How did an expert in the New Testament and Luther become a Lutheran ecumenical leader? At least two reasons. After World War II U. S. Lutherans played a major role in diaconal, missionary, and refugee work; now they were ready to become involved in wider leadership in the Lutheran world. And around 1960 a new generation of theological leaders was about to step onto the stage. Quanbeck was one of this new generation, but ten years ahead, prepared to take part in this developing American Lutheran role. That was not without its problems. He liked to point out that because he had been cleared of “liberalism” by the ELC’s council of district presidents, he was one of the few who could state for sure that he was not a heretic.
World Lutheranism. From 1958-1970 he was a member of the LWF Commission on Theology. As such he was directly involved at the LWF Assembly in Helsinki (1963) in the famous or “infamous” statement on justification, which was much maligned by press reports claiming that Lutherans had been unable to agree on their key doctrine of justification. But Quanbeck noted that the Helsinki Assembly actually succeeded in its purpose, which was to place justification in its contemporary theological and cultural context. He was on the Board of Trustees of the LWF Foundation for Interconfessional Research, Strasbourg (1959-1971). At the LWF Assembly in Evian (1970) he was chairman of Section Two, Ecumenical Affairs. From 1971-1972 he was the LWF Lutheran Lecturer at Mansfield College, Oxford.

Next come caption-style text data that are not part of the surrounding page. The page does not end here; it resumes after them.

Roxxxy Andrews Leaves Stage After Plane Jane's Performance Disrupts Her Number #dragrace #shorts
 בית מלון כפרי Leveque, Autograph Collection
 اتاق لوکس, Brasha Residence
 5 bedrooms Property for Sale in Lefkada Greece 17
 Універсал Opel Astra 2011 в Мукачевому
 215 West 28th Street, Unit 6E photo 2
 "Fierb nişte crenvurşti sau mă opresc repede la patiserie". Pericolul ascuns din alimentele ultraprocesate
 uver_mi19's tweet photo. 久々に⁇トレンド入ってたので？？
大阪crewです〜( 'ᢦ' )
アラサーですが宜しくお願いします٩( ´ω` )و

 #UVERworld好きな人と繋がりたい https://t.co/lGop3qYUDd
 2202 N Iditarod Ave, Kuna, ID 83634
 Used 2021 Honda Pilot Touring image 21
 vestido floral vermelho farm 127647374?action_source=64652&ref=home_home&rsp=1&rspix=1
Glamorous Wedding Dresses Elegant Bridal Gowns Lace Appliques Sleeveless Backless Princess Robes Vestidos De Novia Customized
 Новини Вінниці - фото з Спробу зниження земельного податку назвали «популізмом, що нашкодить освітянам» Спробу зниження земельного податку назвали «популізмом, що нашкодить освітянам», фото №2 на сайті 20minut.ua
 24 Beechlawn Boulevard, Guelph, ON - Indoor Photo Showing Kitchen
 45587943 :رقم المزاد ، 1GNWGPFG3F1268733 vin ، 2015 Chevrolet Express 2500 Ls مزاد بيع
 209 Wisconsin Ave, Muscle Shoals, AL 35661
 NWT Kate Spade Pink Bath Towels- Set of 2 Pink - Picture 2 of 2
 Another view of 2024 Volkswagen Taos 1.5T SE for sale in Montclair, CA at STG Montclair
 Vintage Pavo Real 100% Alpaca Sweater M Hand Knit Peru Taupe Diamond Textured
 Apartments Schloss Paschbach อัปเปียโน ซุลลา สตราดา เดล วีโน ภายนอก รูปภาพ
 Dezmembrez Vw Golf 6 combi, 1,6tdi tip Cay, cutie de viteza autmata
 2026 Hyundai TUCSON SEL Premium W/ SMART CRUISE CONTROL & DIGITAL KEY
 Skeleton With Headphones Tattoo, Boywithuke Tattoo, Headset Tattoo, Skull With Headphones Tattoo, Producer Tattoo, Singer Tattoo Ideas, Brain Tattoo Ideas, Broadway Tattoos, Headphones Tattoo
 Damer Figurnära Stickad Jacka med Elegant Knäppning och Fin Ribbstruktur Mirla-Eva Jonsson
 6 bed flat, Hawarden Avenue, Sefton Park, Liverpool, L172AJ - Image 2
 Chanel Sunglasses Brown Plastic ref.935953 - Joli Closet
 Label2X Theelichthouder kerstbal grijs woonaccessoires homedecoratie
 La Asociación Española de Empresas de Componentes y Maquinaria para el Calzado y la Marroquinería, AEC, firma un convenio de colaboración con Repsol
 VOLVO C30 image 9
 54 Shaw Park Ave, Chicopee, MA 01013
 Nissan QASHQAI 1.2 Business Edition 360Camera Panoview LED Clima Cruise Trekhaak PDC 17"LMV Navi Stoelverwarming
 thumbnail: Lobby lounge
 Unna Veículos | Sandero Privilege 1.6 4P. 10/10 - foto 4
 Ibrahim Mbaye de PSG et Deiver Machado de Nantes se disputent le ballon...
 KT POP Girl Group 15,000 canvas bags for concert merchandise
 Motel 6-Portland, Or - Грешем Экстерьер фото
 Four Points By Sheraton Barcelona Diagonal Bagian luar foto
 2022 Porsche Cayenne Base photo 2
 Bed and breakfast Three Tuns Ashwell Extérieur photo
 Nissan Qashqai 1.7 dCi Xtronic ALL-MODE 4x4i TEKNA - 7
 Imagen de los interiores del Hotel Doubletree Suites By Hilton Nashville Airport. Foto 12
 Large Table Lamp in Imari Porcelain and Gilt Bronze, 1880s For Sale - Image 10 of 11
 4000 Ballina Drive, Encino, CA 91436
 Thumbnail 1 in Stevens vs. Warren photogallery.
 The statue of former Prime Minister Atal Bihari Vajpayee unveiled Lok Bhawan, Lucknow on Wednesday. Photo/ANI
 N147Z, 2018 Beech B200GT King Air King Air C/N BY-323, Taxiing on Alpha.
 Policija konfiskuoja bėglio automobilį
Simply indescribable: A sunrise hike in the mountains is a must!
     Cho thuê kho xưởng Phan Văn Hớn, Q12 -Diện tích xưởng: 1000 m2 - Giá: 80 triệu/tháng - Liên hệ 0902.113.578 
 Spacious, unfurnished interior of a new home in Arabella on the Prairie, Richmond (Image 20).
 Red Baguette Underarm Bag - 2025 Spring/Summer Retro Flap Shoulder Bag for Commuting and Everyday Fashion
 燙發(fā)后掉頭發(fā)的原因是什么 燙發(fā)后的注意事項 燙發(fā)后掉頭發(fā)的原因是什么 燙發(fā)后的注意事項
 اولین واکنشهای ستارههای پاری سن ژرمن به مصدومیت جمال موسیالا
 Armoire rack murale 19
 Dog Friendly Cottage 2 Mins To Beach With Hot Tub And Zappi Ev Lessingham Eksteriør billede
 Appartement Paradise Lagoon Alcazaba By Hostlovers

Roman Catholicism. Quanbeck was a LWF Delegate Observer at the last three of the four sessions of Vatican Council II (1961-1965), in his own words “the single most important theological occurrence of the twentieth century.” The observers met weekly for two to three hours with Roman Catholic bishops and staff of the Secretariat for Christian Unity, and they had a definite influence not only on the decree on ecumenism but also on the constitution on the nature of the Church. When, immediately after Vatican II, the US Lutheran/Roman Catholic Dialogue began, he was an obvious member. The Catholics challenged us by “running in their first team,” he stated, and, because over half of the members had learned to trust each other through contact at Vatican II, the usual maneuvering and hesitation at the start of a dialogue process could be bypassed.
World Council of Churches. He was a member of the WCC Faith and Order Conferences at Oberlin (1957) and Montreal (1963). From 1958-1959 he was tutor at the WCC Ecumenical Institute, Celigny, Switzerland. He was a delegate to the WCC Assembly at Nairobi (1975) and elected there to the Central Committee of the WCC.
This listing, this “ecumenical bibliography,” is in no sense complete. Quanbeck was also, for example, a member of the US Lutheran/Presbyterian Dialogue from 1962-1966. But what this listing does begin to show is how he became a Lutheran Ambassador-at-large. Not only was he directly involved with Lutherans at the world level; he was also involved with Roman Catholics, Anglicans, the Reformed, and, through the WCC, with the Orthodox at the world level. Today, when it is frequently feared that ecumenism is “in a deep freeze” and its future is difficult to discern, it is important to look back two generations to a leader like Quanbeck who, to be sure, was standing on the shoulders of the giants before him, yet who also used his diplomatic skills to build bridges and forge deep personal bonds with other Christian leaders. Then, too, the battles were fierce. Could we trust the Roman Catholics? Would the Orthodox find their way into the ecumenical movement? Where were the Reformed going, anyway? What about apartheid and racism?
What was needed was trust. What Warren Quanbeck was able to develop, as a kind of Lutheran Ambassador-at-large, was the confidence of those he spoke for, the Lutheran leaders who had come to know his work. At the same time he was able to gain the trust of ecumenical partners. It was not simply a matter of endless travel, endless meetings, more debate and more written statements of agreement. It was most of all a kind of ecumenical perception and integrity, learned and communicated. He wove a net of ecumenical alliances, bridges for wider Lutheran ecumenism.
But he was also a baseball fan, a skilled pianist, a frustrated architect, a social activist, a ready wit. And, not to be forgotten, he was an inspiring teacher (Professor, first of New Testament, subsequently Systematic Theology, Luther Seminary, St. Paul, 1948 -1979).
***
This article appeared in The Metro Lutheran 25:6 (June 2010) 5. In that article, however, the date which he became a full professor at Luther Seminary is incorrectly stated as 1958. It should be 1948 as in the last paragraph above. (In 1948 professors were elected to seminary professorships by the churchwide convention.)